Il mio scetticismo iniziale si squaglia all’istante quando incomincia il blu glaciale unico. François-Alphonse Forel, scienziato esperto del Lemano e inventore della limnologia, nel 1907 annota: «di nessun altro ghiacciaio conosco un blu così splendido, profondo, e forte». È una benedizione questo blu luminescente, di preciso però ora forse la sua tonalità si dirige più verso l’azzurro Grotta Azzurra di Capri, quasi turchese artico nel punto di fuga. Le tonalità esatte di blu però dipendono anche un po’ dall’orario di visita e dallo spessore del ghiaccio.
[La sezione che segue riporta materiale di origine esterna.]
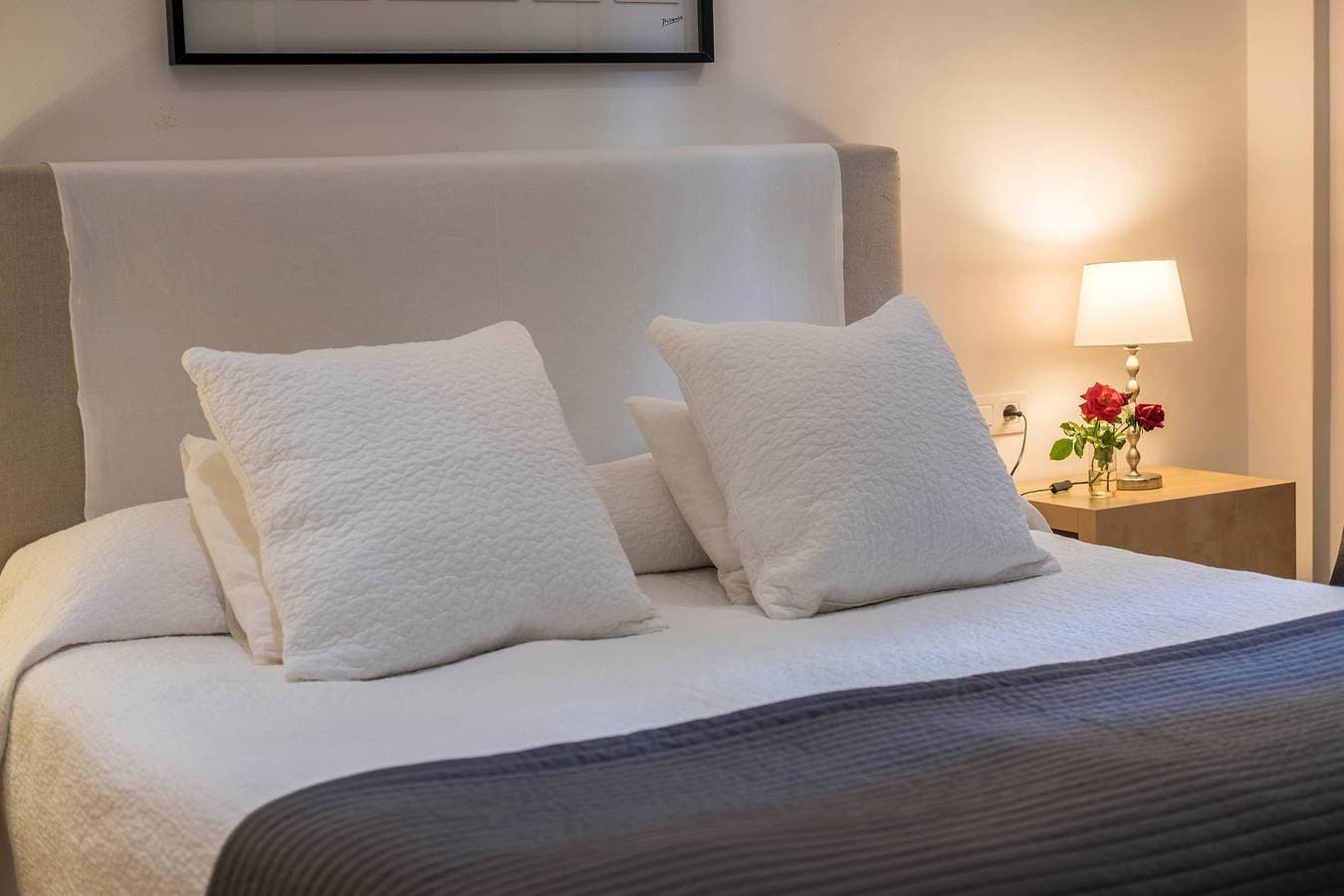 Foto 13 von 23: Einladende Ferienwohnung "Flamboyán" mit Meerblick, Pool, WLAN
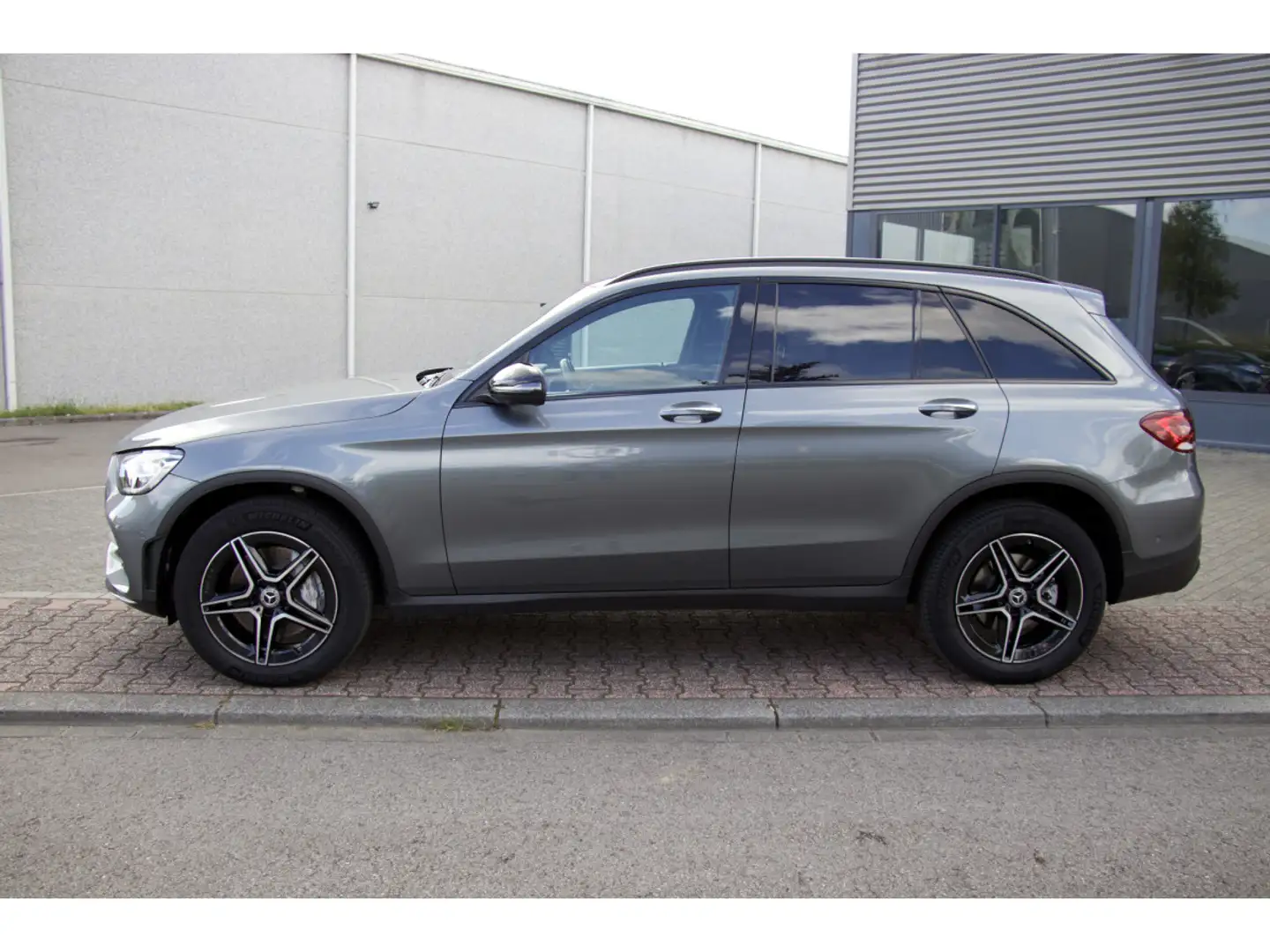 Mercedes-Benz GLC 300 de 4Matic 9G-TRONIC AMG-Line Gris - 2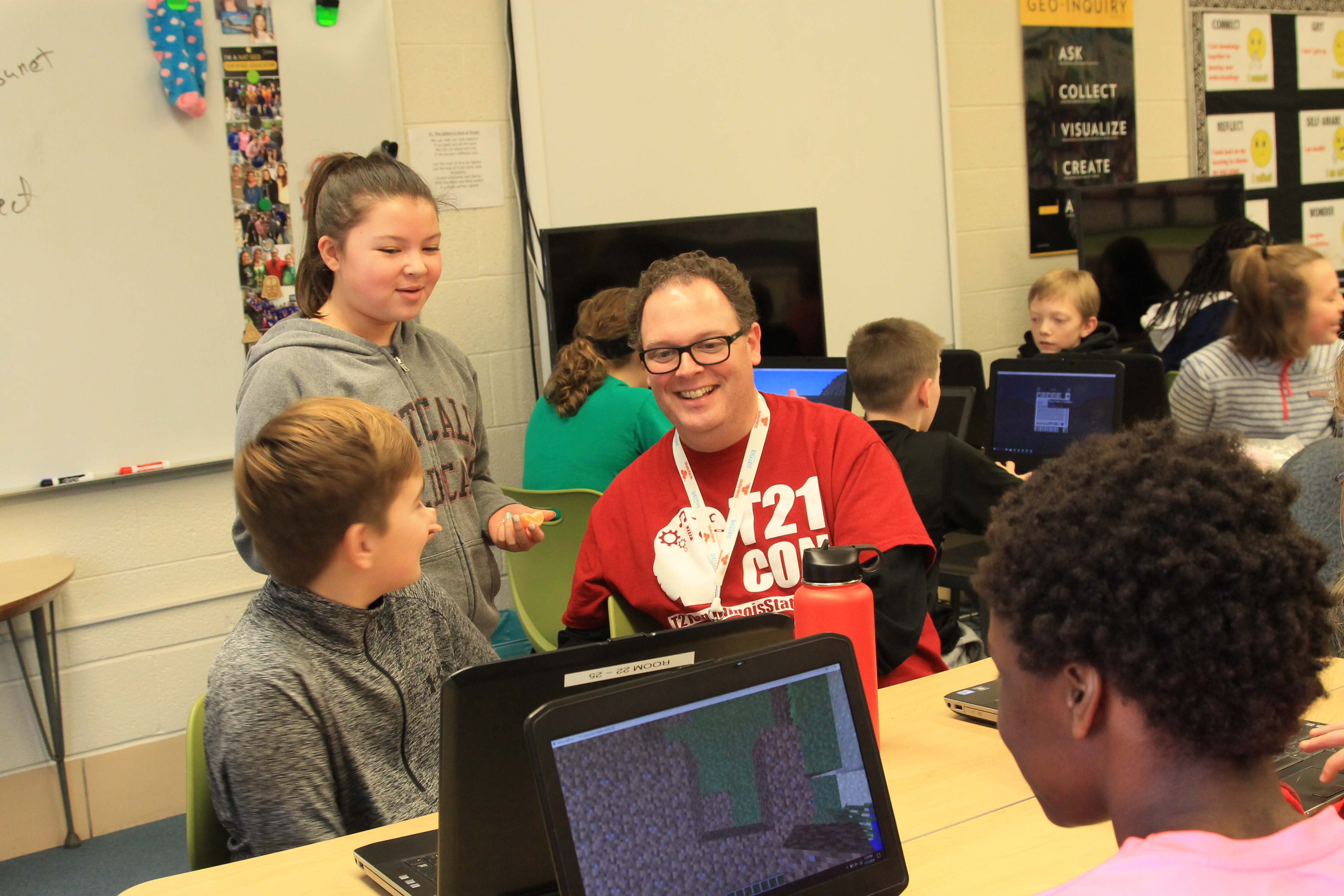Zack Gilbert using Minecraft to teach a social studies lesson.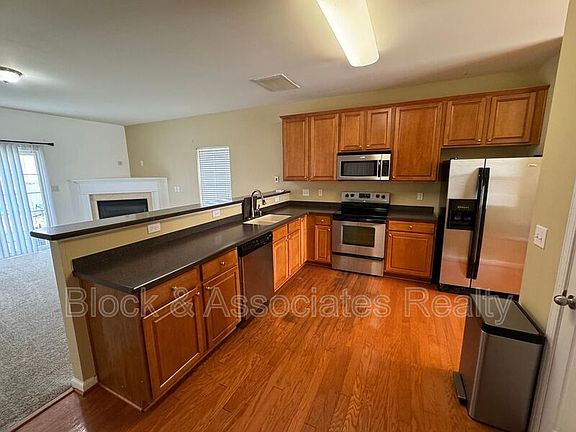 3rd image of 1725-406 Tw Alexander Dr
Il tunnel è scolpito con sapienza, frastagliato, per accentuare la fuga prospettica. Fino a non molto tempo fa, alla fine del percorso refrigerante, due orsi polari sorprendevano i visitatori. A quanto pare, la foto ricordo iperbolica con i due stoici esseri umani travestiti da orsi polari, era di rito. Sembra però che questo misterioso azzurro nel cuore del ghiacciaio del Rodano, visibile dalle otto di mattina alle sei di sera fino a metà ottobre, basti a sorprendere: «Urca!» sento provenire in fondo al tunnel.